Dallas has a new film festival on the books, and if the event chairs are any indication of its potential success, then we think this is the beginning of a beautiful tradition honoring an important organization.
The inaugural Stars & Stripes Film Festival is set for November 6-9 at Angelika Film Center. Leading the charge is philanthropic power couple Lynn and Allan McBee. The festival’s beneficiary is Sons of the Flag, an organization committed to supporting military, first responder and civilian burn survivors.
At an announcement party at Highland Park Village Theatre Wednesday night, the McBees, honorary chairs Louise and Guy Griffeth, and Sons of the Flag founder Ryan “Birdman” Parrott shared that the festival is an exciting opportunity to watch movies about the United States Armed Forces and hear real accounts from Medal of Honor veterans who fought in the battles.
“My husband, Allan, and I are thrilled to be chairing the inaugural Stars & Stripes Film Festival, honoring veterans as well as active duty service men and women,” Lynn said. “This film festival is the first of its kind for North Texas and will include four days of iconic films and documentaries celebrating our nation’s finest.”
The Dallas Film Society is handling logistics and programming.

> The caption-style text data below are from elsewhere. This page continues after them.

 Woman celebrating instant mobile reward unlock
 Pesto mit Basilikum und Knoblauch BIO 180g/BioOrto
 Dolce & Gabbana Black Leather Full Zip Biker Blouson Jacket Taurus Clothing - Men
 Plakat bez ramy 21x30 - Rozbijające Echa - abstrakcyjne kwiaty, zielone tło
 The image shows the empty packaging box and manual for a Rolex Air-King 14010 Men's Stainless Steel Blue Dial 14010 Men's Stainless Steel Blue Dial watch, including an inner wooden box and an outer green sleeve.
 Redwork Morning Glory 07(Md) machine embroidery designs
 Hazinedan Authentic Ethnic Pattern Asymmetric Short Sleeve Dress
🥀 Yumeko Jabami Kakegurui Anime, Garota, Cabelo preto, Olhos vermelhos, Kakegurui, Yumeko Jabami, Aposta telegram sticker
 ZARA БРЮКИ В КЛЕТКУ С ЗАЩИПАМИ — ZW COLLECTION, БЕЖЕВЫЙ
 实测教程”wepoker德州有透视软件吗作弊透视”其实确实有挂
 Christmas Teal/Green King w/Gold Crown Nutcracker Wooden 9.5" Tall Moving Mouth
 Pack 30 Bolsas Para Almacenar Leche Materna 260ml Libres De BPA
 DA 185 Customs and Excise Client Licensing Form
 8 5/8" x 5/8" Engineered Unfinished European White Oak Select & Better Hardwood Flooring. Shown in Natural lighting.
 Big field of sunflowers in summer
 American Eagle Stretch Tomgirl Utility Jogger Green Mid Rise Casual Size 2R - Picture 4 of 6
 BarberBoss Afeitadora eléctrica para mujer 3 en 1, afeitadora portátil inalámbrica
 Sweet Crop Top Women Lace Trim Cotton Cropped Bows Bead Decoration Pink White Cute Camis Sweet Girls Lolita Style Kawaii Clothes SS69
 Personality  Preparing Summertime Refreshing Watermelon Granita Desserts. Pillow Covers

Films include Act of Valor, Saving Private Ryan, Top Gun, Platoon, Stripes, Black Hawk Down, Missing in Action, Tora! Tora! Tora! and many more, for a total of 14.
An opening night reception and screening of Act of Valor kicks things off November 6; question-and-answer sessions take place following each screening. All proceeds from the Stars & Stripes Film Festival benefit Sons of the Flag, and all screenings are free to veterans.
Sons of the Flag provides funding for innovative research, fellowships for doctors to further their training in treating burn survivors, and support for those impacted by a traumatic burn. Event information, including sponsorship, can be found on the Sons of the Flag website.
“There are 700,000 people today who get burned each year, of which only 40,000 will receive life-long treatment, and there are only 200 to 300 burn surgeons in this country to properly treat [them],” Parrott added. “We have to do better. A lot better. And that’s why we formed Sons of the Flag.”